漆黒の闇に、偽りの華を②【完結】



「とにかく俺は、守らなきゃならないもんが出来るとか、面倒くせぇ……。誰かとつるむのも、面倒くせぇ。」


「面倒くせぇって……俺もかよ……」


「……そうだな。お前は特に面倒くせぇ。」



……何だよそれ。


俺らのこの一年間何だったんだよ。


最初こそひでぇ出会いだったけど、この一年で近付いたじゃねぇか。


お前が怒るタイミングも、お前が少し笑うタイミングも、お前が今みたいに寂しそうにするタイミングも、俺は分かってきたつもりだった。
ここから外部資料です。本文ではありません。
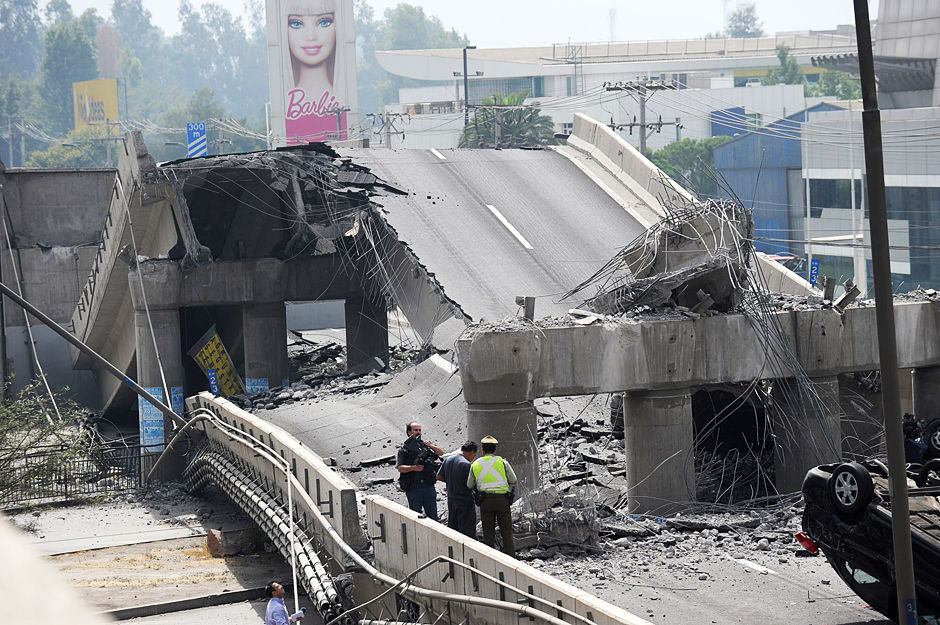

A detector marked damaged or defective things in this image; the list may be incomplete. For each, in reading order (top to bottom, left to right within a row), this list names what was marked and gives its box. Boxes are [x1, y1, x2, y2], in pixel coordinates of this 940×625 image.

overturned car [800, 456, 940, 620]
お前は何か重いモノを抱えてて、俺も親への苛立ちや、兄貴への劣等感を抱えてて、だからこそ一緒に居たんだろ?


近付けたんだろ?


なのに、面倒くせぇって……


お前は今も、そんな風に思ってたのかよ……。


そんなのねぇだろ……。


お前といて楽しいと思ってたのは、俺だけか?


お前といて、色んな柵から救われて自由になってる気でいたのは、俺だけだったのかよ?



「もういーや。馬鹿らし。」


俺はその場で立ち上がり、服についた砂を払い落とす。



「俺さ、実は誘われてんだよね。」


「?」


「先輩がさ、ある地区の暴走族やってて。その地区すげー抗争が絶えない地区らしくって。人手もいるし、俺に入って欲しいらしいんだわ。」